One person came to me after the talk. I wasn’t the best conversation partner at that time because the stress was leaving my body and I wasn’t even paying attention. (Sorry!) I think I didn’t solve his problem. Well, I didn’t even understand his problem at that time. (Sorry again!)

I decided to check the panels in the East Side Gallery. I hopped on the U-Bahn to Alexanderplatz, changed to the S-Bahn, and got off at Warschauer Strasse. I walked along the wall gallery. The painting of Leonid Brezhnev kissing Erich Honecker was still there. The panel with the text “Many small people who in many small places do many small things that can alter the face of the world” was there, too. So were many others, but I came only for those two. Then I realized I had never been to the Glienicker Brücke in person. I ignored the urge. Honestly, a daily Glienicker Brücke-Oranienburger Strasse commute would be hell.

All my dreams of ever living here are dead already. If I ended up living here now, I would be mildly annoyed, as even the tech scene has matured. Fewer hipster/punk startups, more corporations.

I got to the Ostbahnhof station 2.5 h before the train.
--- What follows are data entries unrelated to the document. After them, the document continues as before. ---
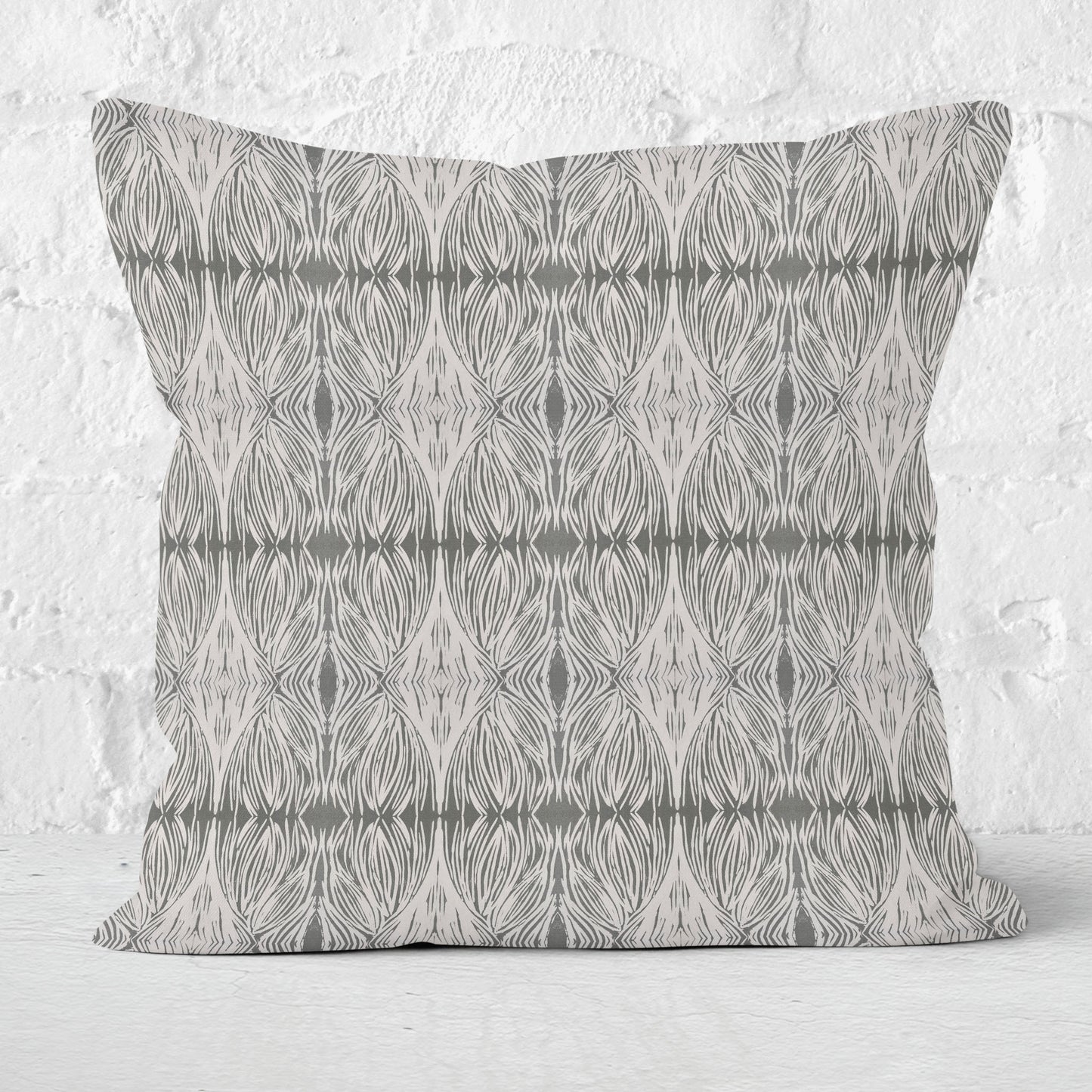 Square throw pillow featuring an abstract linocut pattern in grey with a white brick wall in the background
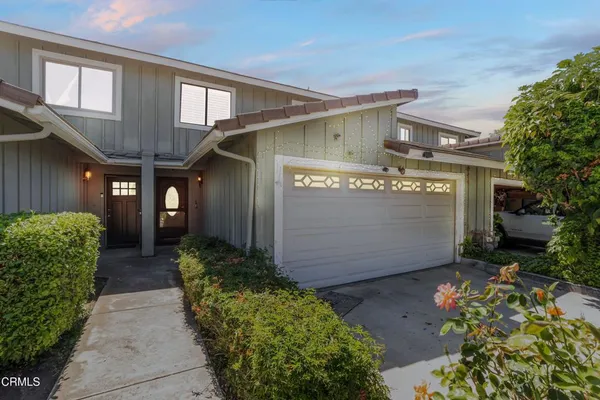 a view of a back yard of the house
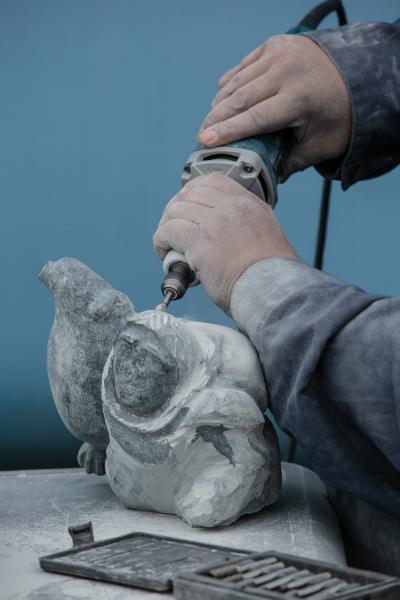 Image from Six Arctic Seasons - July 2019 Leo carves a grandmother an seal in basalt stone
I ate a Schinkenpretzel, drank McDonald’s coffee, went to the end of platform 1, and sat on a bench. Years ago, I sat on that bench and took a picture of an “I love you” graffiti with the Alexanderplatz tower in the background. I posted it online with a subtitle “Berlin loves you.” The washed-out graffiti is still there, but a new building obstructs the view, and the tower isn’t visible anymore.

The post-conference survey came in. Among other things, they asked if I would consider sending a talk proposal next year. I said yes. It’s not binding. And I still have my five unsent cancellation emails. Apparently, that’s how my relationship with Berlin will look. Visit once a year, go to a restaurant in Pankow, breathe in the vestiges of the city I once fell in love with.